If a line holds the word "Holder", copy it from the entries.

**THE INPUT**
*-*-*

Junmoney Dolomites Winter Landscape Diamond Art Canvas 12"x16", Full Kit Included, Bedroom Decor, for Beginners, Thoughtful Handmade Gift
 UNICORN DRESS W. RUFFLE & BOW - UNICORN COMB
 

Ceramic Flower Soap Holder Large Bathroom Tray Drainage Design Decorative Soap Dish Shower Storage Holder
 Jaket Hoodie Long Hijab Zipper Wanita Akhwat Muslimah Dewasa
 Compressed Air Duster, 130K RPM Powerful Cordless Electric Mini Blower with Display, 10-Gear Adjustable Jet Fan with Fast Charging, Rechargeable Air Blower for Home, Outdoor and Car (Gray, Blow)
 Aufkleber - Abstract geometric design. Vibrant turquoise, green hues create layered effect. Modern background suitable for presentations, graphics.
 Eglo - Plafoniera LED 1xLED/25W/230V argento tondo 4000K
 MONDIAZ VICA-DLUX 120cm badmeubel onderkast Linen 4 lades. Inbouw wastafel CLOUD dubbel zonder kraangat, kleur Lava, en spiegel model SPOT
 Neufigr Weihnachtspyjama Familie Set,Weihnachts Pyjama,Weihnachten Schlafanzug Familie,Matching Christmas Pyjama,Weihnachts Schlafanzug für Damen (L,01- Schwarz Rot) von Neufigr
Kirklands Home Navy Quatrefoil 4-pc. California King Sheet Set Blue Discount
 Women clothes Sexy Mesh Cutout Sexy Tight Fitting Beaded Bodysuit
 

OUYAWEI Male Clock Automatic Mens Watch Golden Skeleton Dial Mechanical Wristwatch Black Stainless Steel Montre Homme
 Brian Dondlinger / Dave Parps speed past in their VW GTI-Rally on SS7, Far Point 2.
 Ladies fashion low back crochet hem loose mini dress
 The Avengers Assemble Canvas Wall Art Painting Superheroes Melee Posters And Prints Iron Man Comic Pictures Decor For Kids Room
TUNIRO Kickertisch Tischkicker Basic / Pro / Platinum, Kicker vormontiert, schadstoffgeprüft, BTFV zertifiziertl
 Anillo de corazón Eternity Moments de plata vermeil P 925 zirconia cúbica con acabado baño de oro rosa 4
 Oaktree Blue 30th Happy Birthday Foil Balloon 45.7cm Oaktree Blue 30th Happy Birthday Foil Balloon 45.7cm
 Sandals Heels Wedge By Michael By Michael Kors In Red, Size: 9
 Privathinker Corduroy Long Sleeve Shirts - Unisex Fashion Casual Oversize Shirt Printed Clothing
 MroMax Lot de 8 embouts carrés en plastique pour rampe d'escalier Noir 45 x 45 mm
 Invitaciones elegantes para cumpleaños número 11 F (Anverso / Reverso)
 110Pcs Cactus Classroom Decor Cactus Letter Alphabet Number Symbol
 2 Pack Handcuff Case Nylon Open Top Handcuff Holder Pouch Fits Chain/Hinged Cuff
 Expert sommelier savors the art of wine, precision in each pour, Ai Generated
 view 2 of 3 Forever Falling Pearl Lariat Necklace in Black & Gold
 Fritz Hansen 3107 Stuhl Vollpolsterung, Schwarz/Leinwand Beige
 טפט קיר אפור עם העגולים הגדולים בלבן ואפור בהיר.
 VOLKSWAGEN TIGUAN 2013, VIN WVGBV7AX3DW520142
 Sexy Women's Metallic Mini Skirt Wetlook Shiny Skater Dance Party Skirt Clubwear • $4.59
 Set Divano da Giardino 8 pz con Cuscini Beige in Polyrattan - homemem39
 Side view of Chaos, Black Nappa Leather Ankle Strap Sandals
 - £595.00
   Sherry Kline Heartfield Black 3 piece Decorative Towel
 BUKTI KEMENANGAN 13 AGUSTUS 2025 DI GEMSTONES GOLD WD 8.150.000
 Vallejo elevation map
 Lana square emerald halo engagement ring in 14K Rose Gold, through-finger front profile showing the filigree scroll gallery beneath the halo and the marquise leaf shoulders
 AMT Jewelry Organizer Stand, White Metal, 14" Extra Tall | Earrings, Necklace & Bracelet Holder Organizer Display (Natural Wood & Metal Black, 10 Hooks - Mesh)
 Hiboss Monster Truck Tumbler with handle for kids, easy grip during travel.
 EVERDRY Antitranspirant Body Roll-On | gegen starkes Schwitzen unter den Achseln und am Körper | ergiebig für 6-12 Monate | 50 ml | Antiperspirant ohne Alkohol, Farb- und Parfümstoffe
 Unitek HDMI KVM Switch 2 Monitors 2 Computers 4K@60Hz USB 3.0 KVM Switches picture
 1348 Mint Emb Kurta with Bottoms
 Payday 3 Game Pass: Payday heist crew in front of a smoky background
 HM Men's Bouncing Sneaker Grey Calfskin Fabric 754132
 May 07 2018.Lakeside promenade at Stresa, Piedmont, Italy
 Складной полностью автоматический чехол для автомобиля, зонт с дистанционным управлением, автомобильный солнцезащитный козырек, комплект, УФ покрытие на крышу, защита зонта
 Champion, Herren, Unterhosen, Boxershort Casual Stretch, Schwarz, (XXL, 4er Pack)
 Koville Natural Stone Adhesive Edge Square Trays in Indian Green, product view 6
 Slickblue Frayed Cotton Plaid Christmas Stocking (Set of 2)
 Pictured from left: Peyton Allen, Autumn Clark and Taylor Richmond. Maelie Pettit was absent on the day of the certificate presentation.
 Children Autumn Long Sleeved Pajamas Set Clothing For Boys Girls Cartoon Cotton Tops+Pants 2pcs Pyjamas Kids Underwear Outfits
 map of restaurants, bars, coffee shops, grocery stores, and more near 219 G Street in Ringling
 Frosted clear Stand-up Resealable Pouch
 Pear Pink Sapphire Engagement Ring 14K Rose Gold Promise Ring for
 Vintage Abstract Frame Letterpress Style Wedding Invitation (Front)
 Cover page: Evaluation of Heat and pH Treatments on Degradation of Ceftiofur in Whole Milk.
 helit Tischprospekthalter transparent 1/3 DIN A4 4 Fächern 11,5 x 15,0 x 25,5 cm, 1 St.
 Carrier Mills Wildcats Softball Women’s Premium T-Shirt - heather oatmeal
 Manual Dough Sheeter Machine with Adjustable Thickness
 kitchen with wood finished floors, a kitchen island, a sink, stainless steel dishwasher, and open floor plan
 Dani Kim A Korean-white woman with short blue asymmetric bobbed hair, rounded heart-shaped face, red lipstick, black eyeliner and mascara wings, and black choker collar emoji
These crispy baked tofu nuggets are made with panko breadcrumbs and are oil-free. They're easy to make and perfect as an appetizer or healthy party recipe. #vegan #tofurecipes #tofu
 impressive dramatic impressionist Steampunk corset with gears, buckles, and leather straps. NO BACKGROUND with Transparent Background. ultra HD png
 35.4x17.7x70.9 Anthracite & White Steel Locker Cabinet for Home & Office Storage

*-*-*

**RESPONSE**
Ceramic Flower Soap Holder Large Bathroom Tray Drainage Design Decorative Soap Dish Shower Storage Holder
 2 Pack Handcuff Case Nylon Open Top Handcuff Holder Pouch Fits Chain/Hinged Cuff
 AMT Jewelry Organizer Stand, White Metal, 14" Extra Tall | Earrings, Necklace & Bracelet Holder Organizer Display (Natural Wood & Metal Black, 10 Hooks - Mesh)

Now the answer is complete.